Original story reprinted with permission from Quanta Magazine, an editorially independent publication of the Simons Foundation whose mission is to enhance public understanding of science by covering research developments and trends in mathematics and the physical and life sciences.
“The fact that they’re ubiquitous, yet we don’t even know what they weigh, is kind of crazy,” said Deborah Harris, a physicist at the Fermi National Accelerator Laboratory near Chicago and York University in Toronto.
Physicists have long tried to weigh the ghost. And in September, after 18 years of planning, building and calibrating, the Karlsruhe Tritium Neutrino (KATRIN) experiment in southwestern Germany announced its first results: It found that the neutrino can’t weigh more than 1.1 electron-volts (eV), or about one-five-hundred-thousandth the mass of the electron.

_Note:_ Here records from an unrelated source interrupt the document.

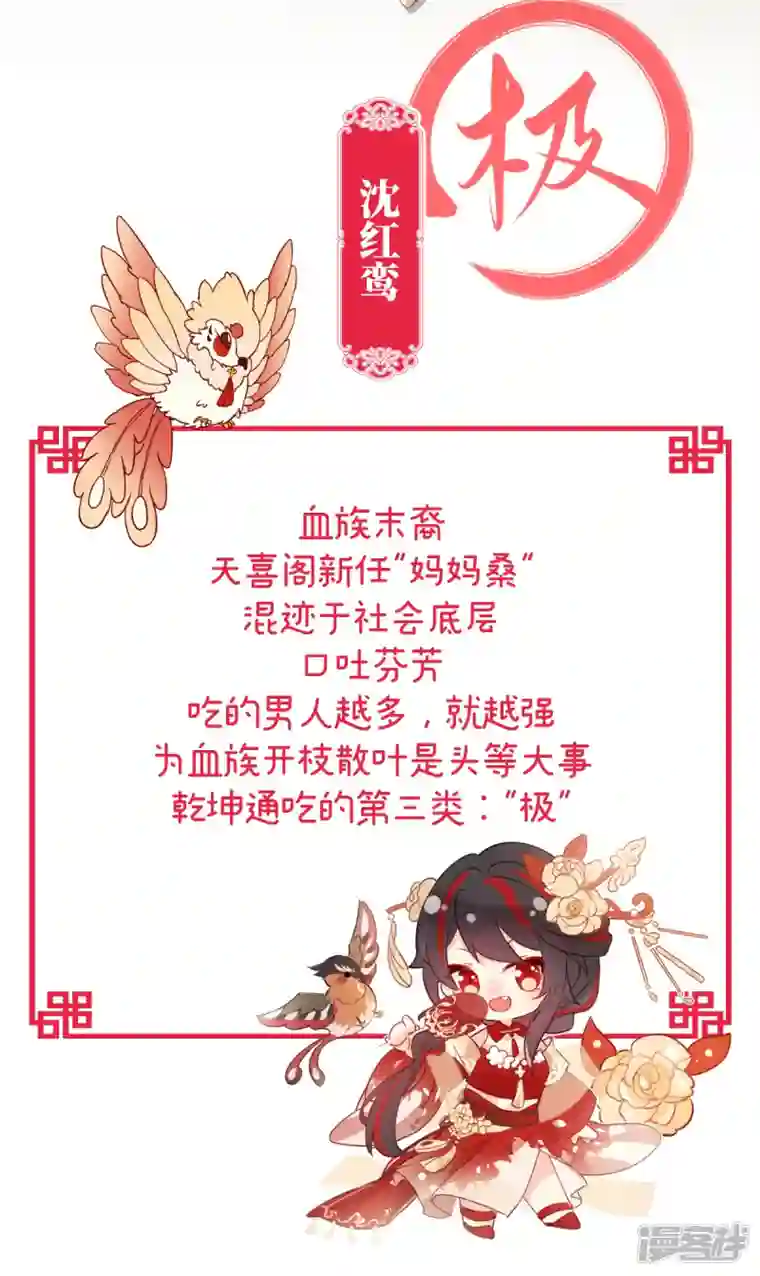 妻主，请享用人设 天喜阁花名册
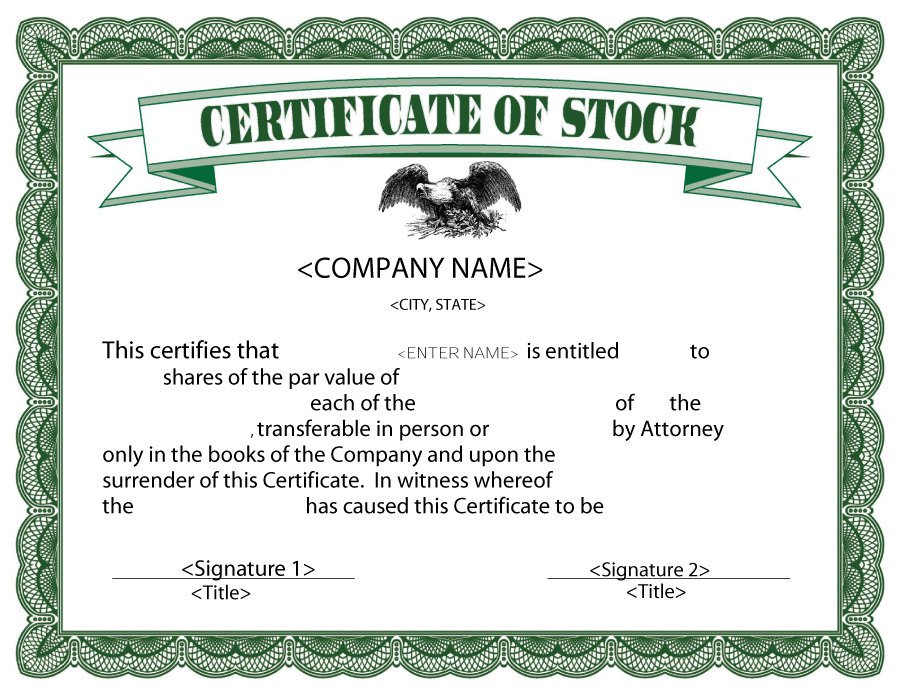 word document certificate templates formatted stock certificate 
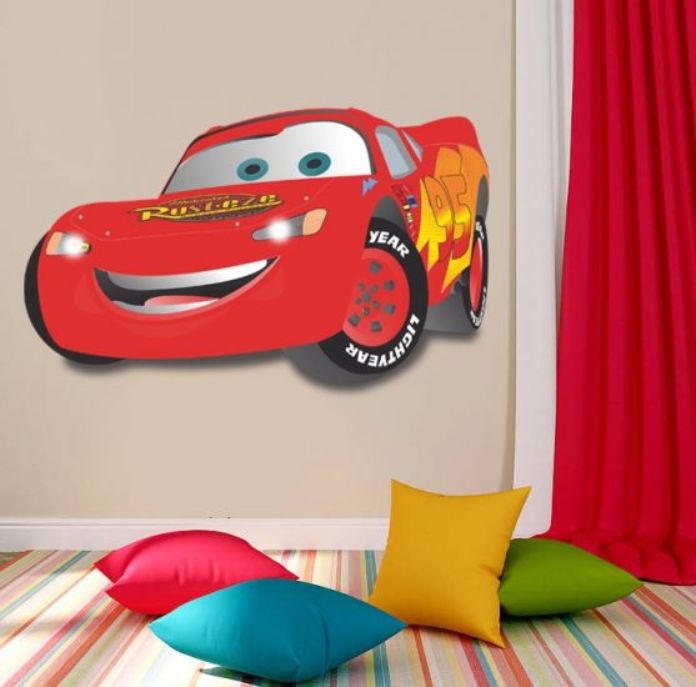 SAMOLEPKY NA ZEĎ RED CAR - obrázek 1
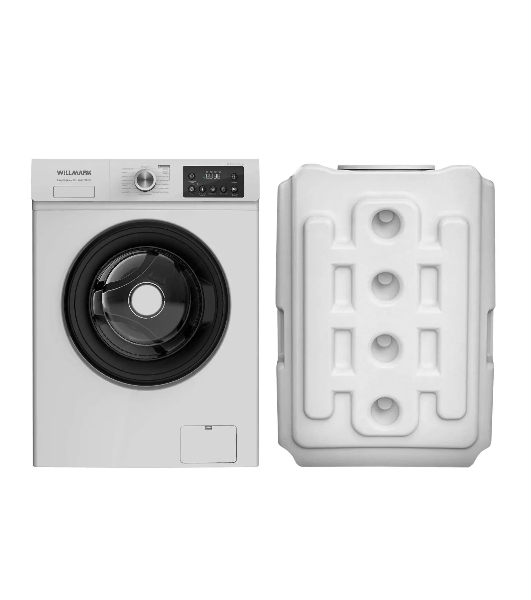 Стиральная машина Willmark WMF-7017WT + бак белый, загрузка фронтальная 7 кг, 1200 об/мин, класс A+++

This initial estimate, from only one month’s worth of data, improves on previous measurements using similar techniques that placed the upper limit on the neutrino mass at 2 eV. As its data accrues, KATRIN aims to nail the actual mass rather than giving an upper bound.
Why Mass Matters
Mass is one of the most basic and important characteristics of fundamental particles. The neutrino is the only known particle whose mass remains a mystery. Measuring its mass would help point toward new laws of physics beyond the Standard Model, the remarkably successful yet incomplete description for how the universe’s known particles and forces interact. Its measured mass would also serve as a check on cosmologists’ theories for how the universe evolved.

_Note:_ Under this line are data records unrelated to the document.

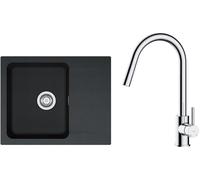 Set lavello Tectonite Franke Orion 114.0286.441, rubinetto da cucina Oltens Litla 35204100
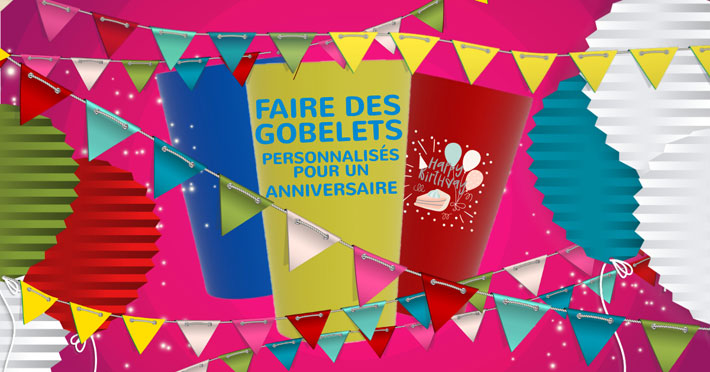 Gobelet personnalisé Anniversaire Adulte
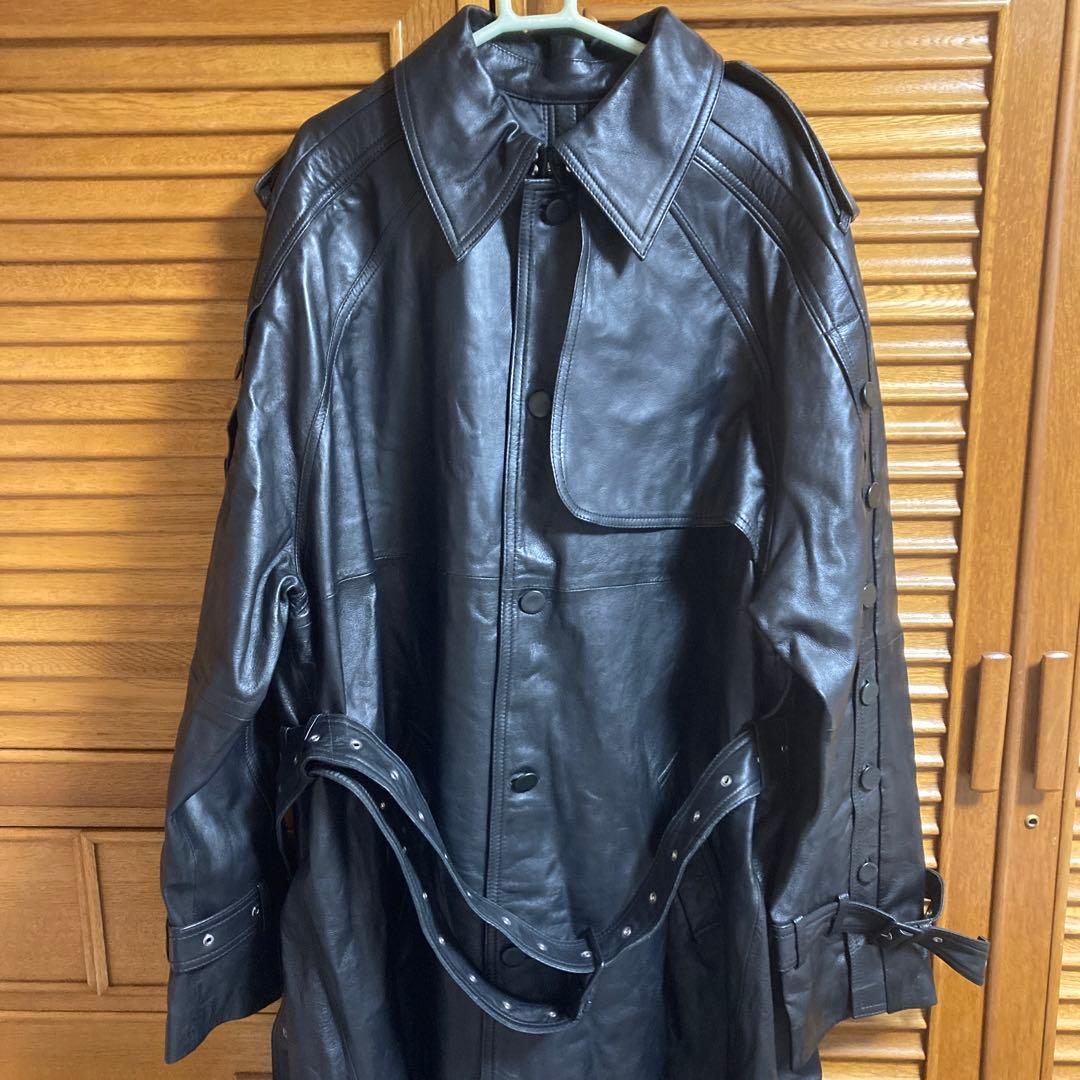 rokh ×  コラボ　レザートレンチコート Lサイズ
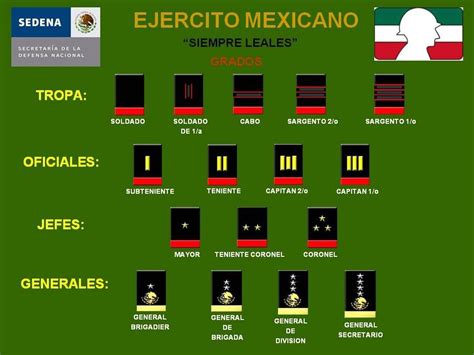 rangos militares mexico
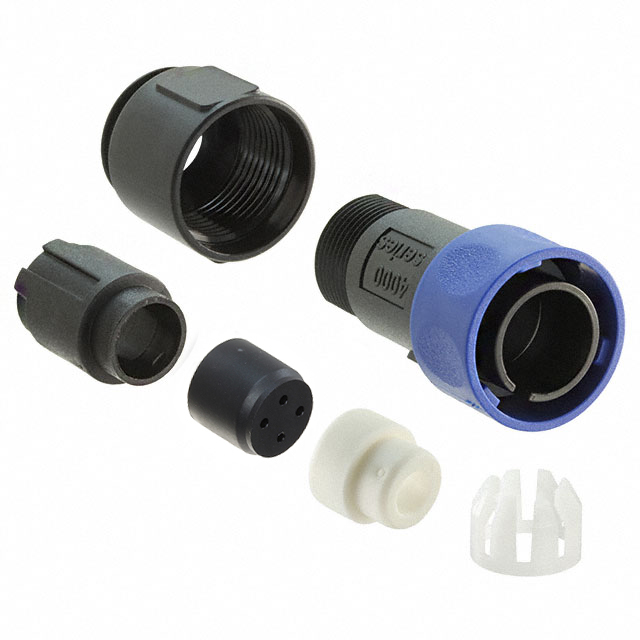 CONN PLUG HSG MALE 4POS INLINE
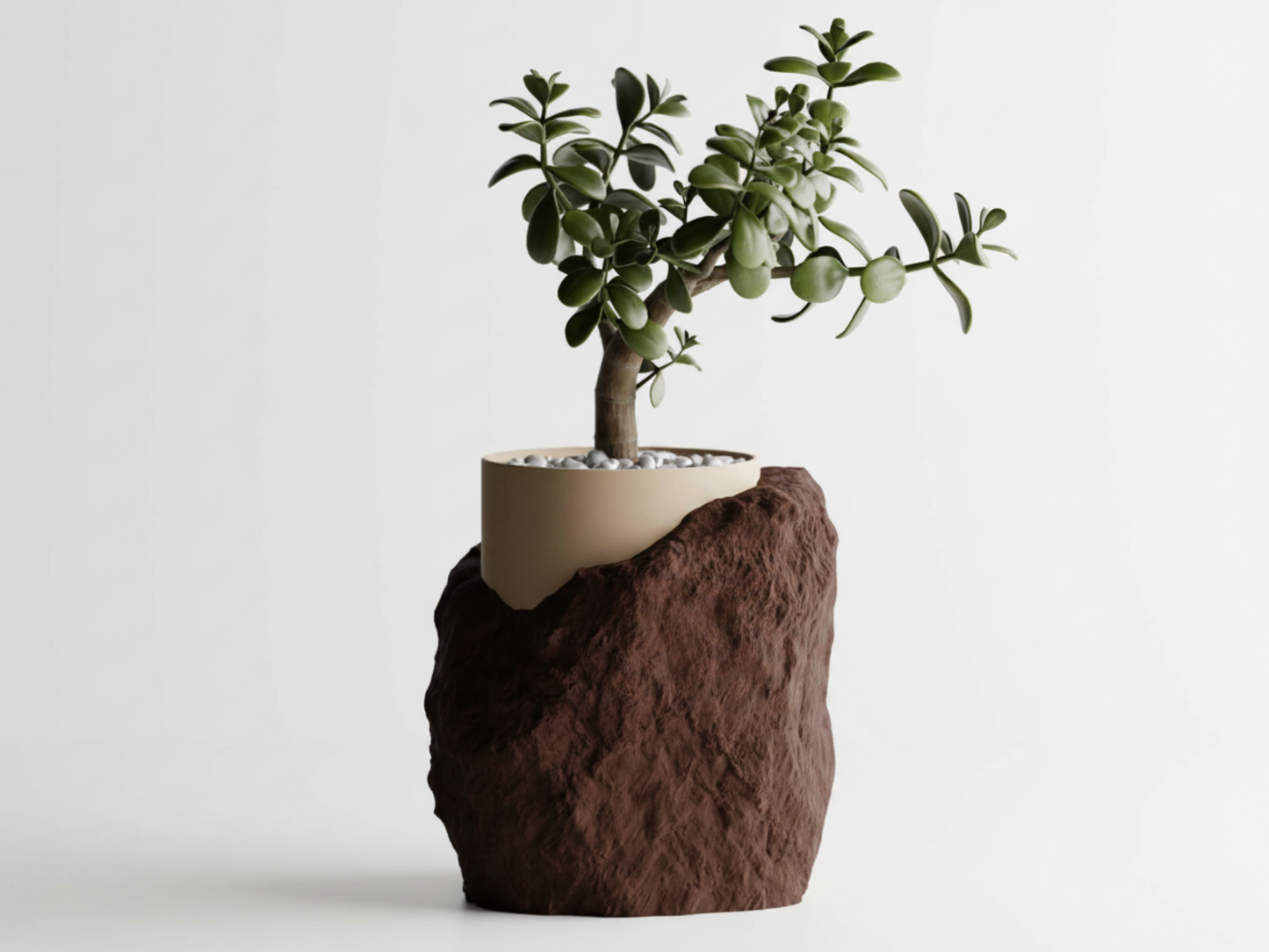 Stratum Two-Tone 3D Printed Pot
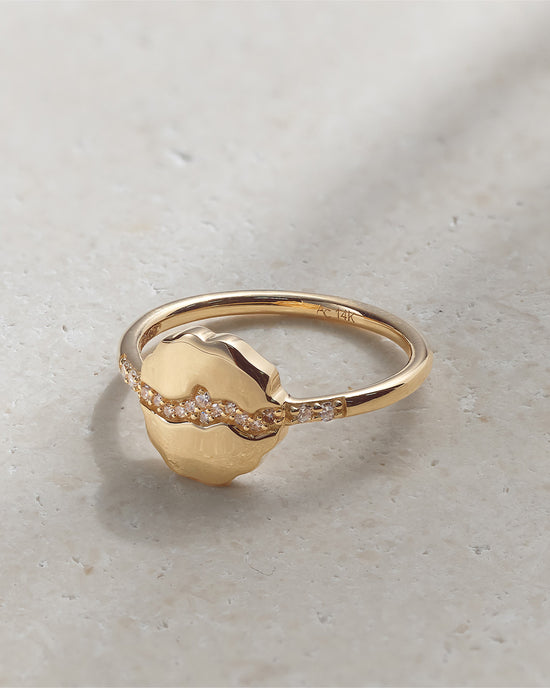 Solid Gold Asteri Diamond Ring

“Depending on what the mass of the neutrino turns out to be, it may lead to very exciting times in cosmology,” said Diana Parno, a physicist at Carnegie Mellon University and a member of the KATRIN team.

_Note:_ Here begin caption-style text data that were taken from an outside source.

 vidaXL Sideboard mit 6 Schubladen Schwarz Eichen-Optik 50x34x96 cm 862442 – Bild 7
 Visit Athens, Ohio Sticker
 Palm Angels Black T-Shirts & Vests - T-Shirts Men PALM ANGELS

Until about two decades ago, neutrinos—which were theoretically predicted in 1930 and discovered in 1956—were presumed to be massless. “When I was in grad school, my textbooks all said neutrinos didn’t have mass,” Harris said.
That changed when, in a discovery that would win the 2015 Nobel Prize, physicists found that neutrinos could morph from one kind to another, oscillating between three “flavor” states: electron, muon and tau. These oscillations can only happen if neutrinos also have three possible mass states, where each flavor has distinct probabilities of being in each of the three mass states. The mass states travel through space differently, so by the time a neutrino goes from point A to point B, this mix of probabilities will have changed, and a detector could measure a different flavor.
If there are three different mass states, then they can’t all be zero—thus, neutrinos have mass. According to recent neutrino oscillation data (which reveals the differences between the mass states rather than their actual values), if the lightest mass state is zero, the heaviest must be at least 0.0495 eV.
Still, that’s so light compared to the mass of other particles that physicists aren’t sure how neutrinos get such tiny masses. Other particles in the Standard Model acquire mass by interacting with the Higgs field, a field of energy that fills all space and drags on massive particles. But for neutrinos, “the mass is so small, you need some additional theory to explain that,” Parno said.
Figuring out how neutrinos acquire mass may resolve other, seemingly related mysteries, such as why there is more matter than antimatter in the universe. Competing theories for the mass-generating mechanism predict different values for the three mass states. While neutrino oscillation experiments have measured the differences between the mass states, experiments like KATRIN home in on a kind of average of the three. Combining the two types of measurements can reveal the value of each mass state, favoring certain theories of neutrino mass over others.
Neutrino mass is also of cosmic importance. Despite their minuscule mass, so many neutrinos were born during the Big Bang that their collective gravity influenced how all the matter in the universe clumped together into stars and galaxies. About a second after the Big Bang, neutrinos were flying around at almost light speed—so fast that they escaped the gravitational pull of other matter. But then they started to slow, which enabled them to help corral atoms, stars and galaxies. The point at which neutrinos began to slow down depends on their mass. Heavier neutrinos would have decelerated sooner and helped make the universe clumpier.